The library currently takes an io.ReaderAt which we already wrap for various reasons (metrics, etc). We considered if there is a way to redirect some reads to cache but did not see a general solution there.

This would be hard to do without duplicating the logic to decode footers of parquet files. A lower-level caching solution for the io.ReaderAt layer would be more appropriate in my opinion.

We expect our largest blocks to be 20+GB and it looks like metadata for them is 50-100MB. This is quite large for a single cache entry, so it might be best to support granularity of individual row groups, or even column chunks which allows for reading the minimum necessary data for the columns involved.

This is really large indeed, almost questionable whether caching of metadata would improve access here: assuming the data is on some long term storage medium, loading large blocks will be bound on I/O bandwidth, not latency, so it may be just as efficient to read the original files.

Build in support for metadata caching directly into this library so the details are abstracted away from the user.

I'm curious if you have ideas of what that could look like. For reference, parquet already attempts to offer a solution to these problems with file references in the file metadata, where one file may contain a schema only and a reference to a remote file for the data. This is currently not supported in parquet-go but could be something to explore https://github.com/segmentio/parquet-go/blob/main/format/parquet.go#L763-L765

Provide methods to marshal/unmarshal metadata and handle all the caching on the application side.

We could easily expose the format.FileMetaData loaded when reading parquet file, it's already serializable to thrift in parquet, but other formats can be used... it's just Go structs and slices.

@annanay25
Copy link
Contributor Author

OK, I was wondering if you intended to also cache other parts of the file like column indexes or bloom filters.

My bad, I forgot to mention that. We do intend to cache the dictionaries/bloom-filters as well. Although metadata definition seems to only store offsets for indexes, but in a conversation with @mdisibio I think we discussed that indexes are read as part of metadata read as well. So I will dig deeper into that as well.
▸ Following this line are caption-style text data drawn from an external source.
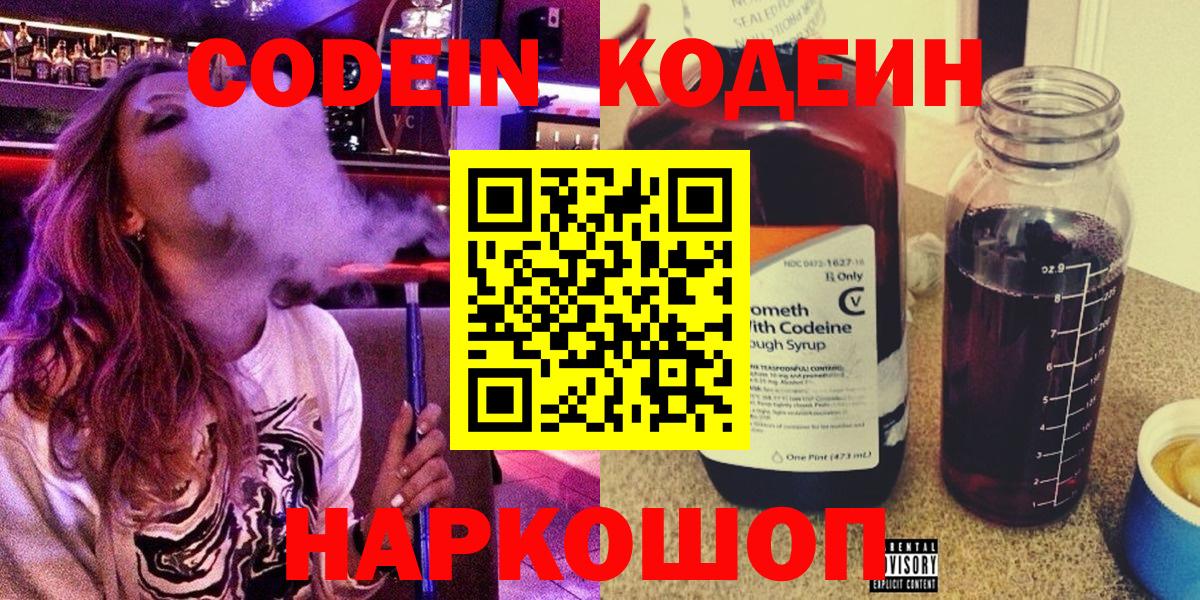 Кодеиновый сироп Lean Purple Drank  Codein Purple Drank  Вход с VPN  Брянск 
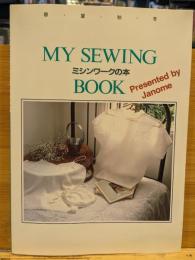 ミシンワークの本　MY SEWING BOOK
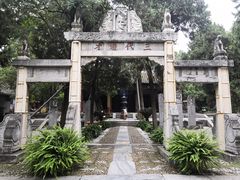 -南阳卧龙岗武侯祠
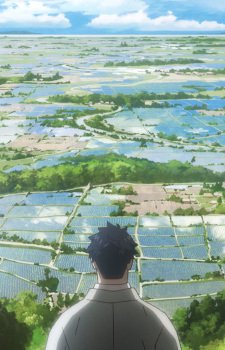 Imagem de destaque 5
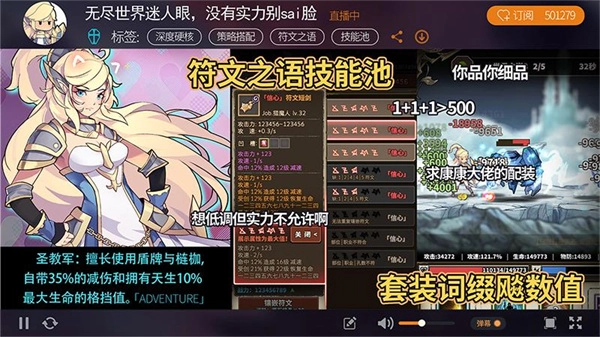 无尽大冒险图2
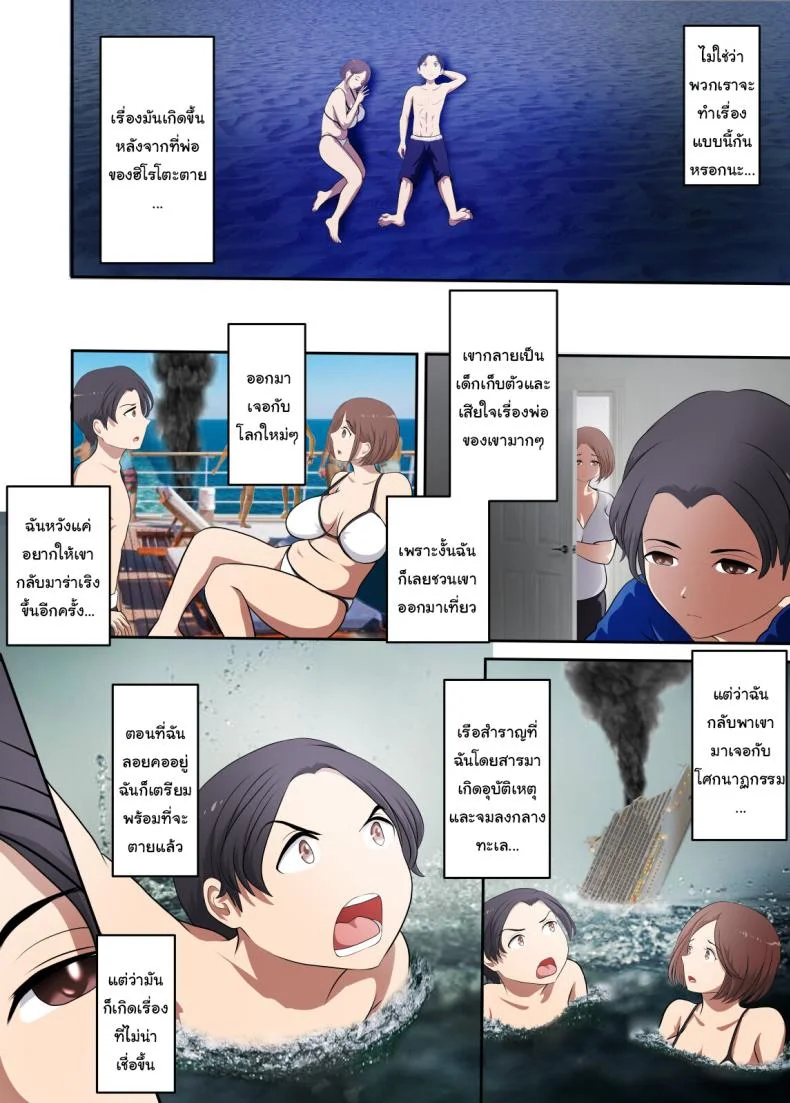 ติดเกาะกับคุณแม่ [WXY COMICS] Mujintou de Tada Hitasura Kaa-san to Yaru หน้า 15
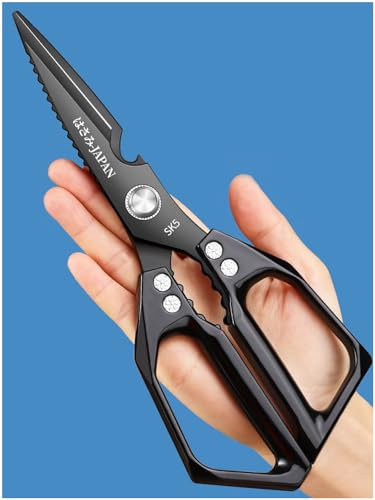 Forbici da cucina multifunzione in acciaio inox nero: forbici affilate per pollame, rivestimento antiruggine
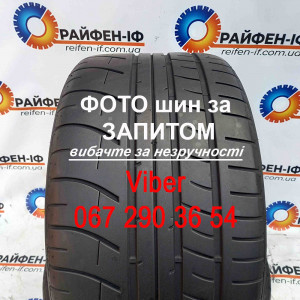 295/35 R21 Vredestein Wintrac Xtreme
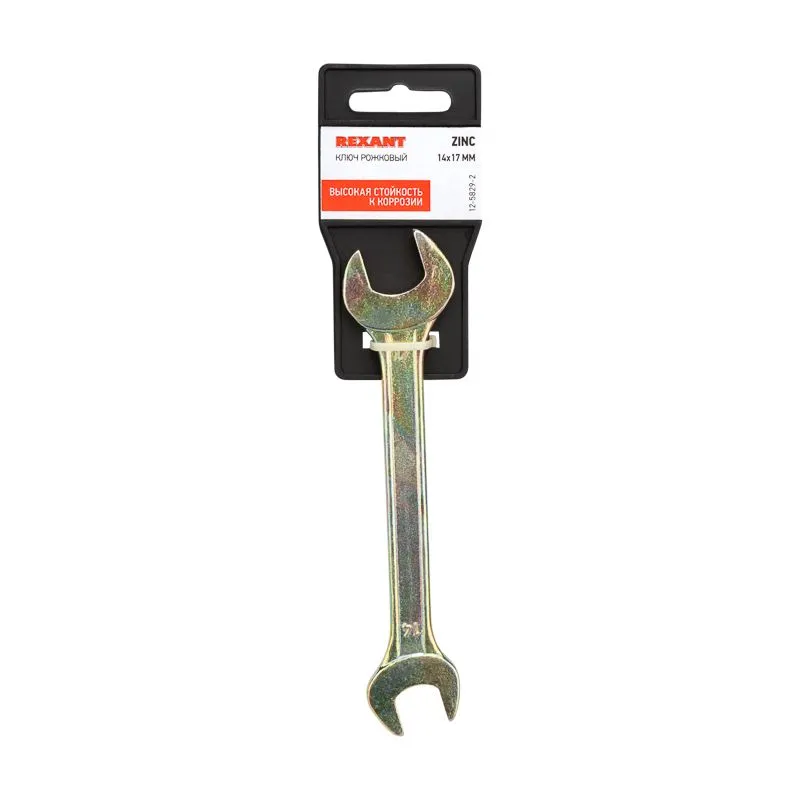 Ключ рожковый 14х17мм, желтый цинк REXANT - Фото 3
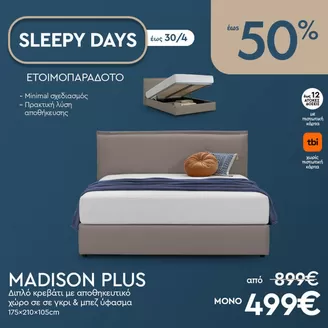 Κατάλογος Entos σε Μαρούσι | Υπέροχη προσφορά για όλους τους πελάτες | 2026-04-02T00:00:00.000Z - 2026-04-30T00:00:00.000Z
I'm curious if you have ideas of what that could look like. For reference, parquet already attempts to offer a solution to these problems with file references in the file metadata, where one file may contain a schema only and a reference to a remote file for the data. This is currently not supported in parquet-go but could be something to explore https://github.com/segmentio/parquet-go/blob/main/format/parquet.go#L763-L765

TIL! This is really interesting. But its also a string and not an io.ReaderAt so not sure how we can integrate a remote file like S3/GCS. And then again, this still does not give us a solution for caching indexes which will be have to be fetched from the backend.. So IIUC the access pattern of the file is to first read metadata to figure out the layout of the file, next read column indexes, and third access the data. We need to cache access to the first two, and figure out a way to have fine grained caching policies for each column index.

Will give this some thought.

@achille-roussel
Copy link
Contributor

But its also a string and not an io.ReaderAt so not sure how we can integrate a remote file like S3/GCS

The string is an identifier in some file-system-like interface. We could have something similar to the standard library's fs.FS interface which we would use to acquire the secondary io.ReaderAt instances allowing access to the column chunk data for example.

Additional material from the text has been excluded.